Histories of Race and Racism: The Andes and Mesoamerica from Colonial Times to the Present
Edited by Laura Gotkowitz
2012, Duke University Press
400 pages
IF RACE has offered a tool both of colonial power and the capitalist domination that it has given rise to in the Americas as well as of recurrent efforts to forge community in conflict with dominant groups, it remains a highly complex instrument that is poorly understood.
That is largely because any effort to subordinate the notion of race to promote a form of class-based or political universalism – the multiethnic coalition beloved of social or progressive democracy – is often based precisely on the marginalization of racial identity that has for so long privileged white domination.
If it is possible to draw a simple set of global lessons from the study of race and racism everywhere, it is that capitalism has used racism to justify conquest, plunder and slavery as well as to divide and rule. Therein lies the difficulty and danger facing indigenous peoples in the Americas, who have recurrently embraced identity as a mobilising force in their pursuit of greater political and economic rights – for just as race can serve to unify, simultaneously it can be used to divide. It is this feature of the idea of race that has always served to place its use as a category of analysis in question.
As Florencia Mallon points out in her conclusion to Histories of Race and Racism:
“The present moment provides in some ways a unique opportunity to decolonize social relations by building yet another multiethnic coalition… A full excavation of Latin America’s postcolonial palimpsest, however, also gives us pause. As earlier revolutionary experiments, as well as the contemporary case of Bolivia demonstrate, a multiethnic coalition, whether led by colonized people or not, carries within itself the memories, practices, and power relations of earlier constructions of race and power.” [p 335]
In her introduction to this collection of essays about race and racism over five centuries in the most indigenous parts of Latin America – the Andes and Mesoamerica – Laura Gotkowitz points to the very real consequences that these constructions can have, leading in the case of Bolivia to a spate of racialized violence in recent years that revives and transforms earlier discourses about race at every level of society.
Multiple forms of racism
Gotkowitz notes that it is in this climate that an increasing number of scholars and activists are finding it impossible not to use the term “race” in Latin America and in so doing are recognising the multiple forms that racism has taken and continues to do so. This book addresses precisely the questions generated by this changing landscape. She writes:
“What accounts for this shift, from what some consider a long history of denying racism in Latin America to recognition of its multiple forms? And how are we to understand the specific shapes that racism takes? Are we witnessing a new or neoracism? A cultural racism? Or does the term ‘racial ambivalence’ better capture the workings of race and racism in present-day Latin America? What type of antiracist activism and policy have come to the fore at this time of increasingly visible racism? Was there really such a totalizing denial of racism in the past, as is often thought?” [p 2]
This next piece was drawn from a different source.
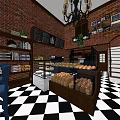 Dessert Shop With Red Brick Wall Black And White Checkered Floor Display Case And Bread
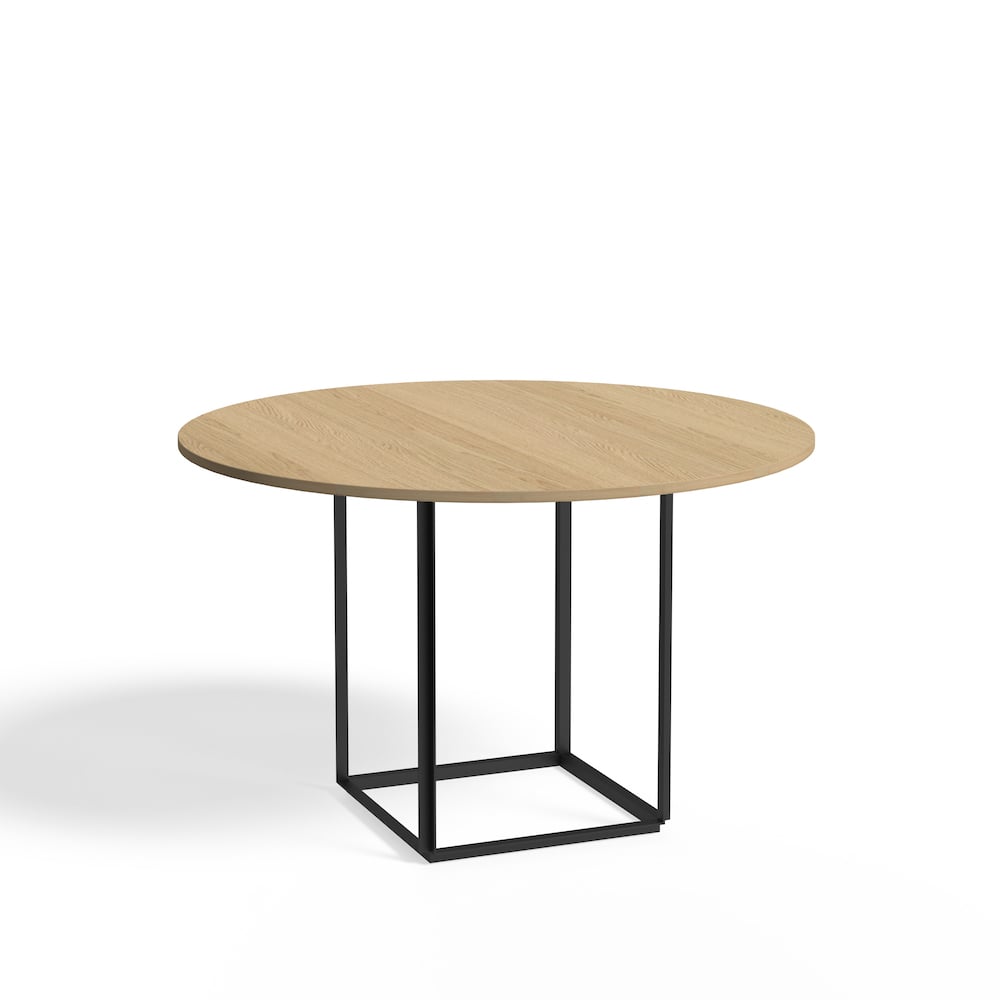 New Works Florence matbord runt natural oak, 120 cm, svart stativ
The contributions to this book focus on race-making and racism in a series of historical cases in the Andes and Mesoamerica in an effort to draw broader conclusions about the region as a whole. It is written, of course, in a context in which indigenous mobilisation has become one of the most dynamic aspects of Latin American politics. Among other things, contemporary indigenous movements across the region have fuelled the contemporary debate about racism.
Nonetheles, it is to Bolivia that the collection repeatedly returns, and that is because it has been there more than in any other country that racism against indigenous people has become a central theme of debate, largely because of the ascent of Evo Morales to the presidency.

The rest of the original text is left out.